Several landmark experiments performed by Walter are intro-
duced in this chapter. His experiments were performed in a dark
room since the robot was designed to react to light.
The first experiment that I would like to introduce was conducted
with a high-intensity lamp and with a relatively large obstacle placed
in the room. The robot was positioned such that it could not see the
light due to the obstacle. The robot initially moved around without
purpose. Accidentally, the robot hit the obstacle and moved back.
As it moved back, the robot slightly changed its traveling direction
(because it was designed to do so). The robot stopped and then again
moved forward. After repeating this series of movements for some
time, the robot accidentally cleared the obstacle and the lamp was
visible to the photosensor of the robot. The robot reacted and turned
toward the light and advanced. The robot seems to be designed to
stop when the light intensity reached a certain level, then move back
a little, and thereafter resume forward motion. When viewed from a
macroscopic perspective, what the robot did was to go around, not
toward the lamp. This behavior reportedly looked like a living being
that was aiming at its prey while making a detour to avoid obstacles.

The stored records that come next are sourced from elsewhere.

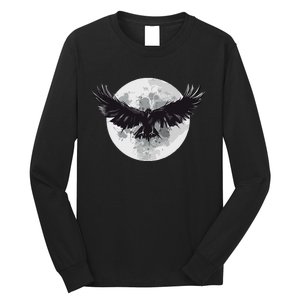 Raven Moon Long Sleeve Shirt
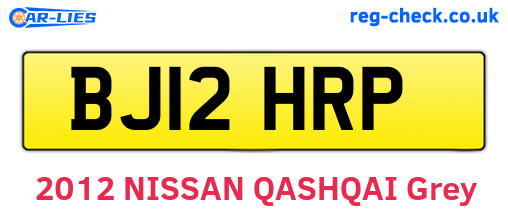 BJ12HRP are the vehicle registration plates.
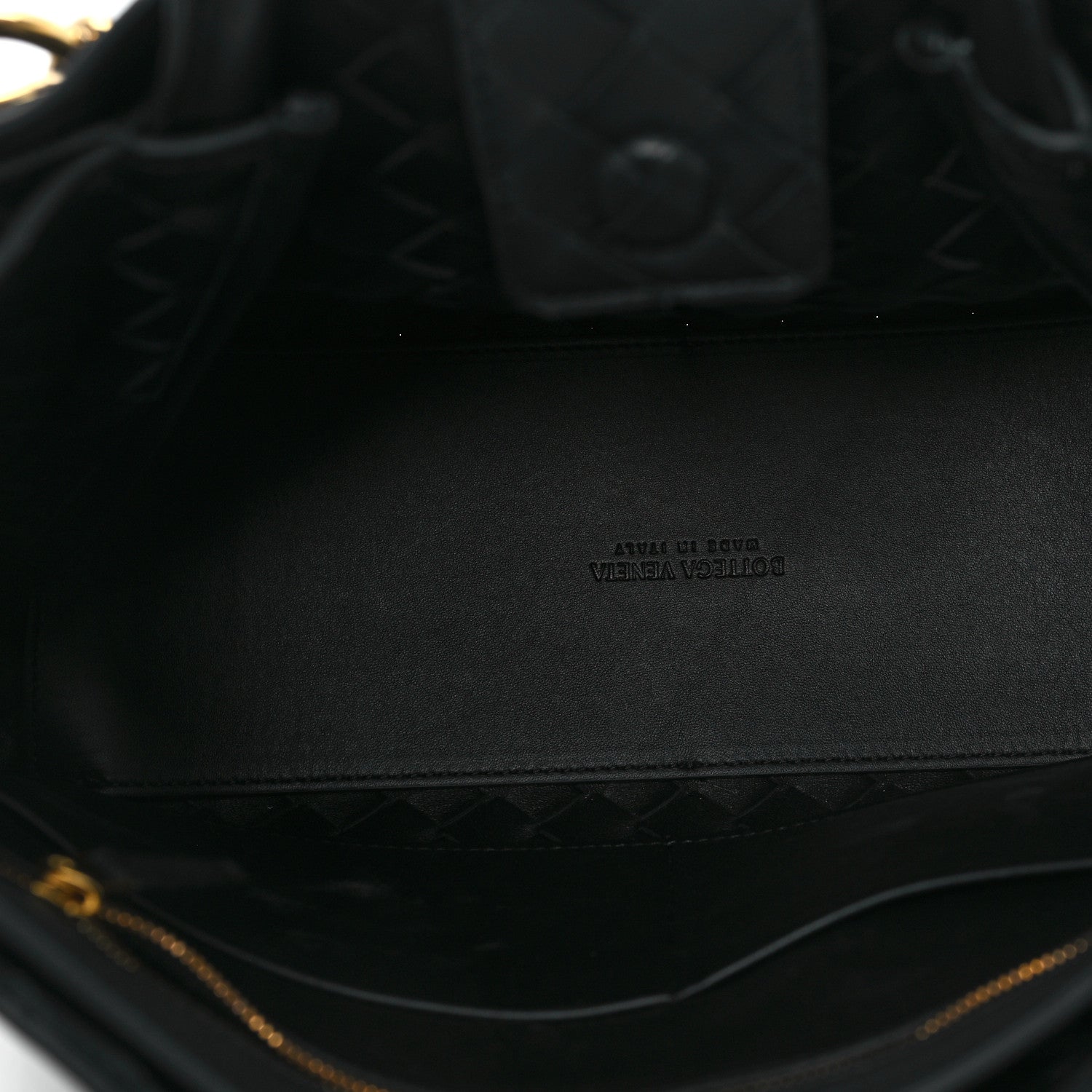 Bottega Veneta Nappa Intrecciato Medium Andiamo Shoulder Bag Black 5 of 10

In the next experiment, Walter uses two robots and puts away
the large lamp that he used in the previous experiment. The two
opposing robots move ahead toward each other, aiming at their
respective headlamps. Since the light intensity of the headlamps was
small, the two robots repeatedly collided and backed up. The robots
were described to be “engaging in a conversation.”
Another feature of the robots is that they returned to their home
base, called a dock, when their batteries were low for recharging. A
strong light installed in the dock guides the robot into the hanger.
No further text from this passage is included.